An exact copy of every record, without the pictures, is what should come back.
** Opening Dataset content block **
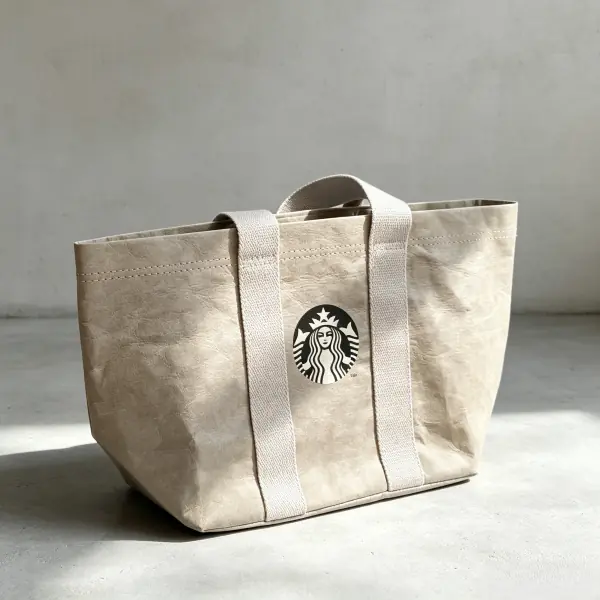 Custom wide-mouth beige washable paper tote bag with shoulder handles for corporate event giveaways.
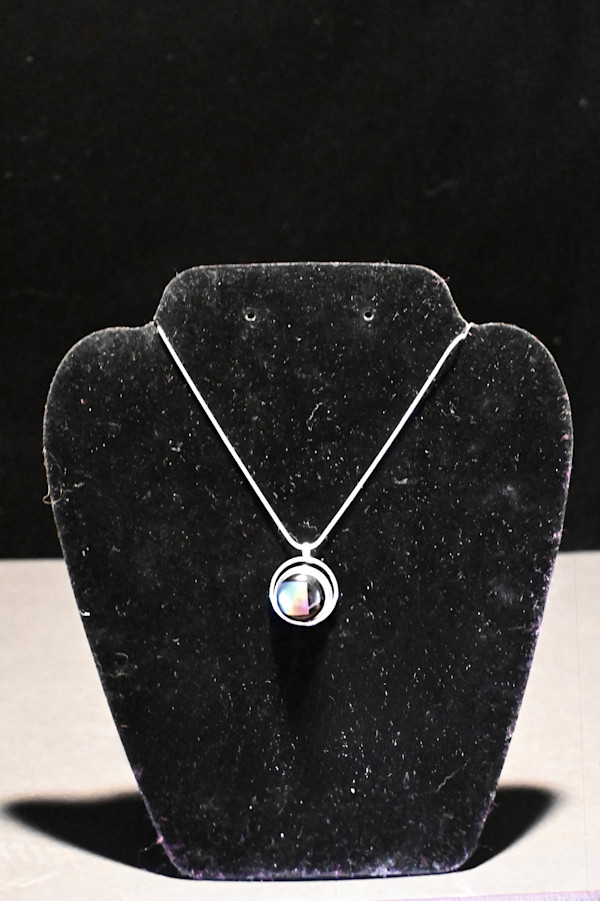 Fused dichroic glass  arc within a circle pendant by Susan Mason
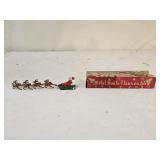 Vintage Japan Mini Metal Santa Claus on Sled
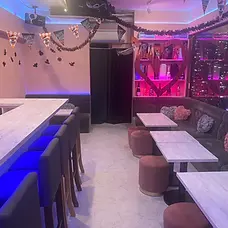 Akihabara Concept Cafe RE:FIRST interior bar counter and sofa 2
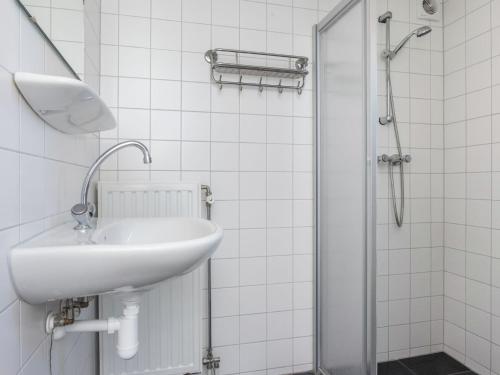 La salle de bains blanche est pourvue d'un lavabo et d'une douche. dans l'établissement Comfortable cottage with WiFi at 50 m from the Oosterschelde, à Wemeldinge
** Closing Dataset content block **
> Response to the task:
 Custom wide-mouth beige washable paper tote bag with shoulder handles for corporate event giveaways.
 Fused dichroic glass  arc within a circle pendant by Susan Mason
 Vintage Japan Mini Metal Santa Claus on Sled
 Akihabara Concept Cafe RE:FIRST interior bar counter and sofa 2
 La salle de bains blanche est pourvue d'un lavabo et d'une douche. dans l'établissement Comfortable cottage with WiFi at 50 m from the Oosterschelde, à Wemeldinge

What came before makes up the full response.